Source data
▼
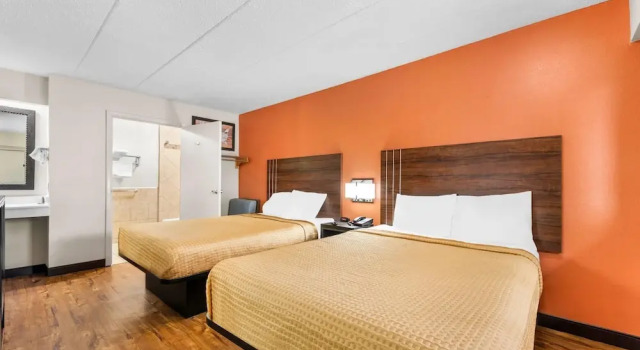 Четырёхместный номер Standard Econo Lodge Charlotte Airport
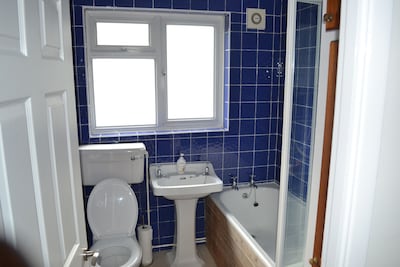 Lovely 3 Bedroom\ 2 Bathroom House - Wimbledon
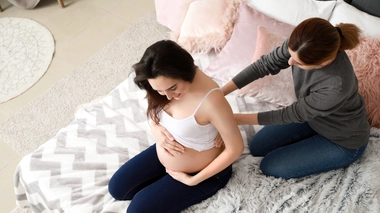 Les doulas construisent un cocon rassurant autour de la femme enceinte pour l'aider à mieux vivre la période de la grossesse.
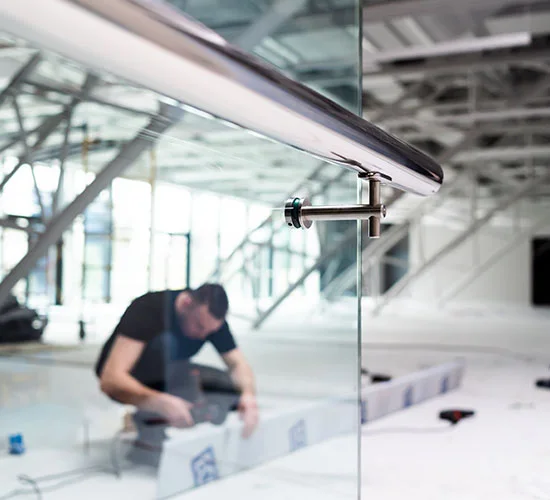 Jacksonville Beach, FL highly skilled glass repair technicians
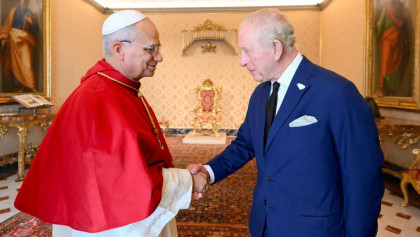 King Charles and the Pope pray together for the first time in history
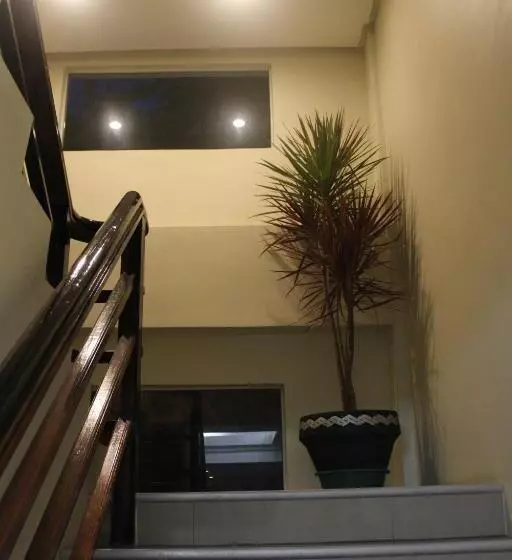 酒店 Aqua Travel Lodge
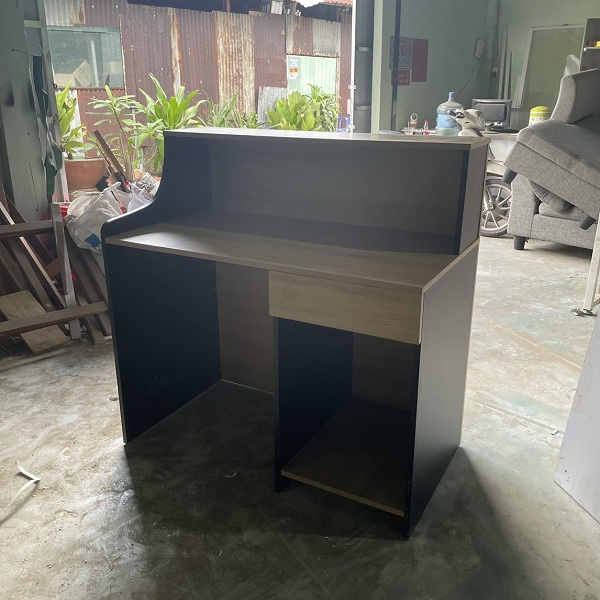 quay thu ngan vang phoi den 1m2 gia re1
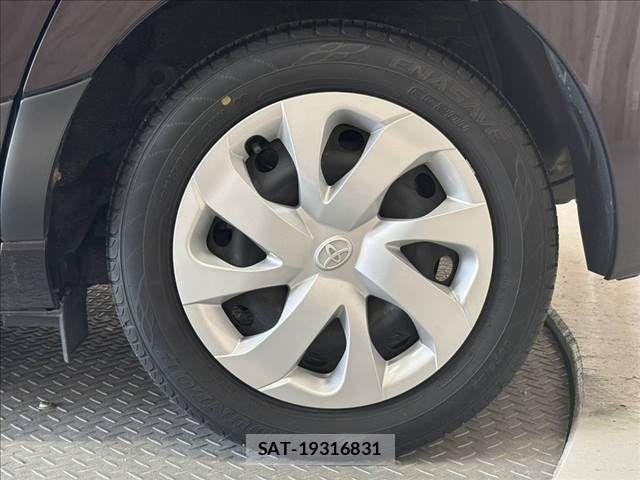 Toyota SIENTA 2018-01 8831580-29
▲
Print each entry above exactly. The pictures should not be printed.

 Четырёхместный номер Standard Econo Lodge Charlotte Airport
 Lovely 3 Bedroom\ 2 Bathroom House - Wimbledon
 Les doulas construisent un cocon rassurant autour de la femme enceinte pour l'aider à mieux vivre la période de la grossesse.
 Jacksonville Beach, FL highly skilled glass repair technicians
 King Charles and the Pope pray together for the first time in history
 酒店 Aqua Travel Lodge
 quay thu ngan vang phoi den 1m2 gia re1
 Toyota SIENTA 2018-01 8831580-29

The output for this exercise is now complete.